From the outset, the leading role in the formation of the PT was played by organizations that broke with the Trotskyist movement, the International Committee of the Fourth International, in the 1960s, some of them promoting the theory that Castroism and guerrilla war had supplanted the necessity of building Marxist parties within the working class. This political orientation contributed to catastrophic defeats for the working class and the rise of military dictatorships throughout Latin America.

Under conditions of massive strikes and militant struggles by students against Brazil’s military regime, these same elements joined with sections of the union leadership, the Catholic Church and left academics to found the Workers Party. It as well was to serve as a substitute for the building of a revolutionary party and the fight for socialist consciousness in the working class. The PT was to provide a unique Brazilian parliamentary road to socialism. The dead end of that road—personified in the rise of the fascist demagogue Bolsonaro—has clearly been reached.

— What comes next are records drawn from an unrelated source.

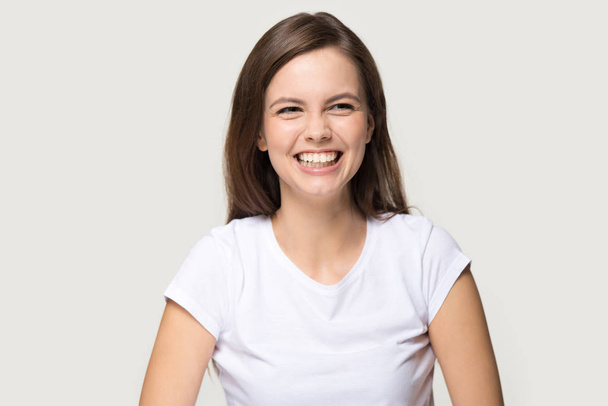 Headshot of young pretty brunette girl sincerely laughing at joke - Photo, Image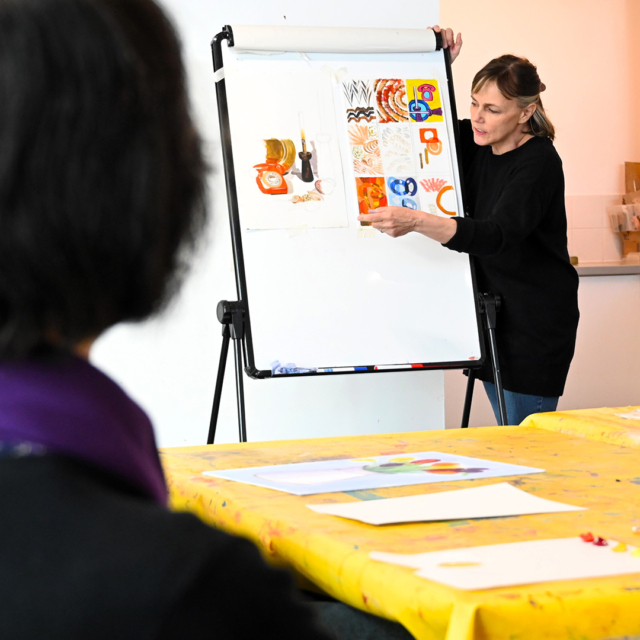 Someone holding different art prints on a whiteboard.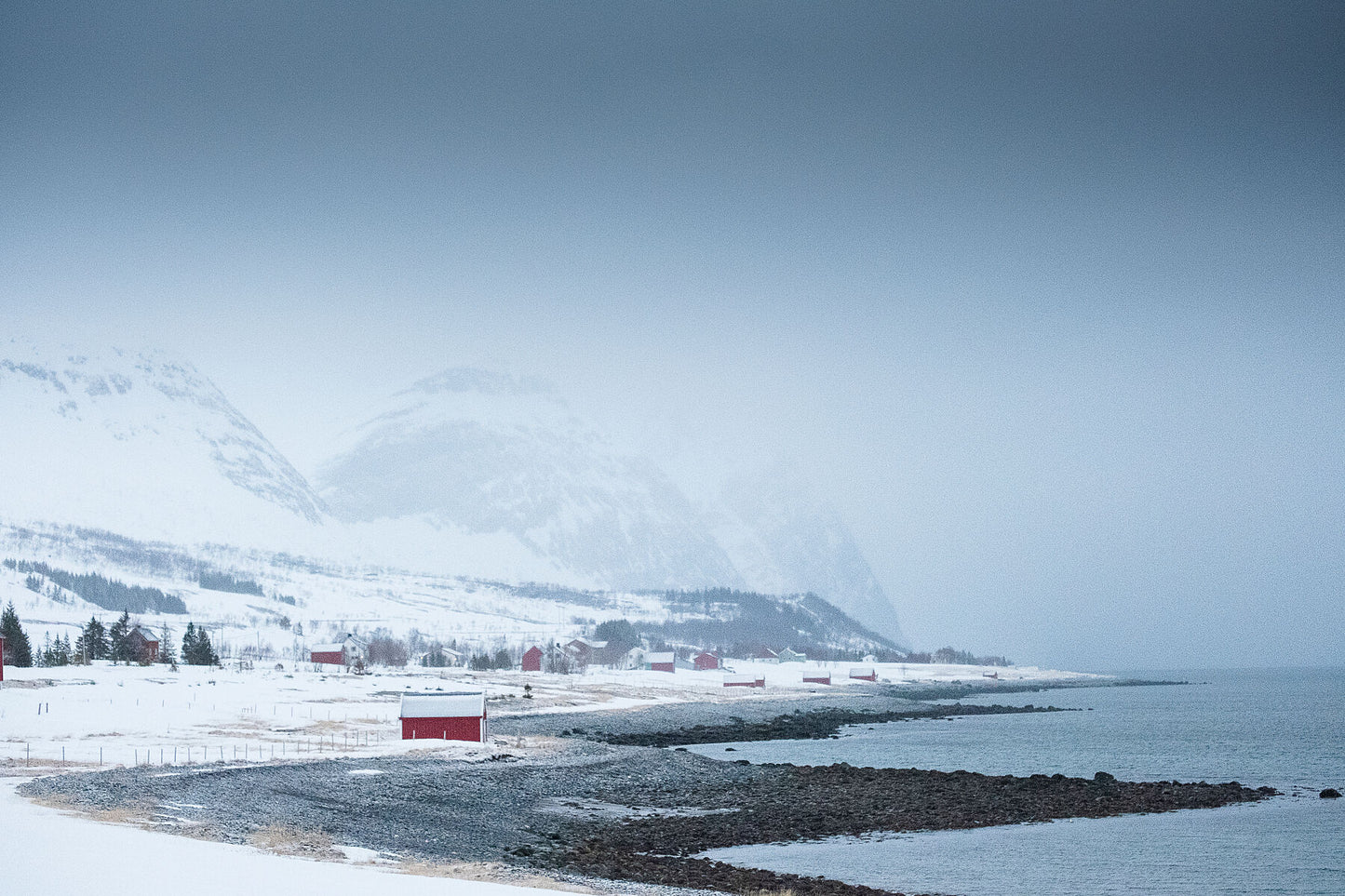 Red Norwegian hut on the shoreline of the Fjord while snow swaps in across Kvaloya island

The Brazilian working class cannot defend itself as part of a “united front” with the PT and its appeal for support to the Brazilian ruling class. The only road forward lies in uniting the struggles of Brazilian workers with those of the entire Latin American working class, as well as the workers of North America, against the common enemy—finance capital and the transnational corporations.

Such a struggle requires a decisive political break with the Workers Party and all of its pseudo-left satellites. The most urgent question is the building of a new revolutionary leadership in the working class, based upon the assimilation of the long history of struggle for Trotskyism embodied in the International Committee of the Fourth International.